● Exercise brief:
Return only the stretch of the material below that begins with the line containing "Super canxi nitrat" and ends with the line containing "F-15 payloads: How", exactly; both of those lines belong to it.

● Source material:

=== Begin Enclosure ===

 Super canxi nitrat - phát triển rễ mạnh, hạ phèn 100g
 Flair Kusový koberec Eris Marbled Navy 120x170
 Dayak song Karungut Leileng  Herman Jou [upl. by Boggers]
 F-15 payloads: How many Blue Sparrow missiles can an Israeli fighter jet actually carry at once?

=== End Enclosure ===
=== Begin Enclosure ===

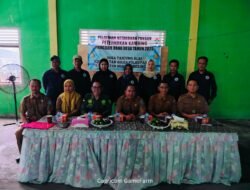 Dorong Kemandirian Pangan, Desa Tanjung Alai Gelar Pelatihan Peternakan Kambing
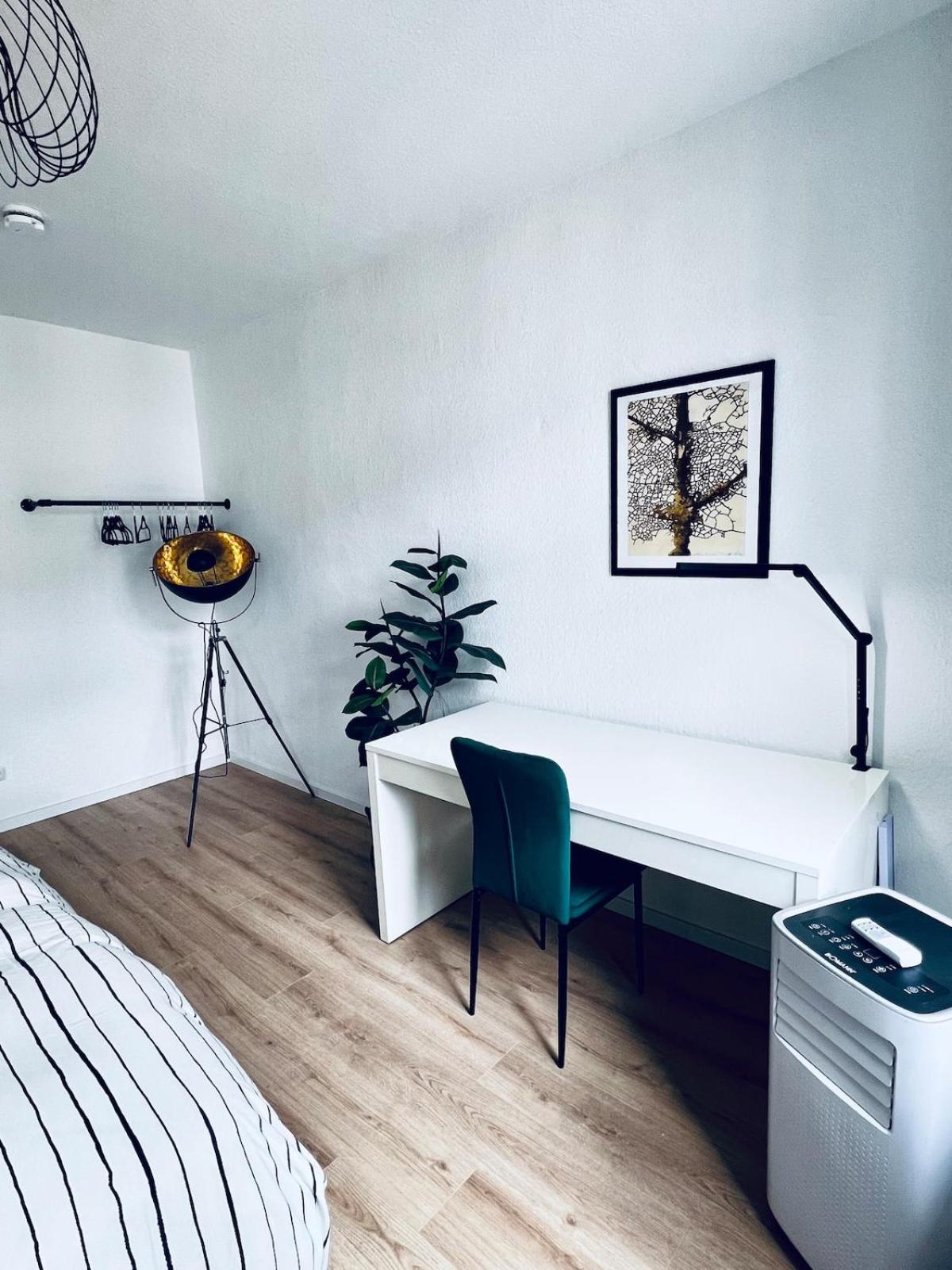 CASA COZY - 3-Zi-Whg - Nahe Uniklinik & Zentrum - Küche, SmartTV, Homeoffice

=== End Enclosure ===

● Final answer:
 Super canxi nitrat - phát triển rễ mạnh, hạ phèn 100g
 Flair Kusový koberec Eris Marbled Navy 120x170
 Dayak song Karungut Leileng  Herman Jou [upl. by Boggers]
 F-15 payloads: How many Blue Sparrow missiles can an Israeli fighter jet actually carry at once?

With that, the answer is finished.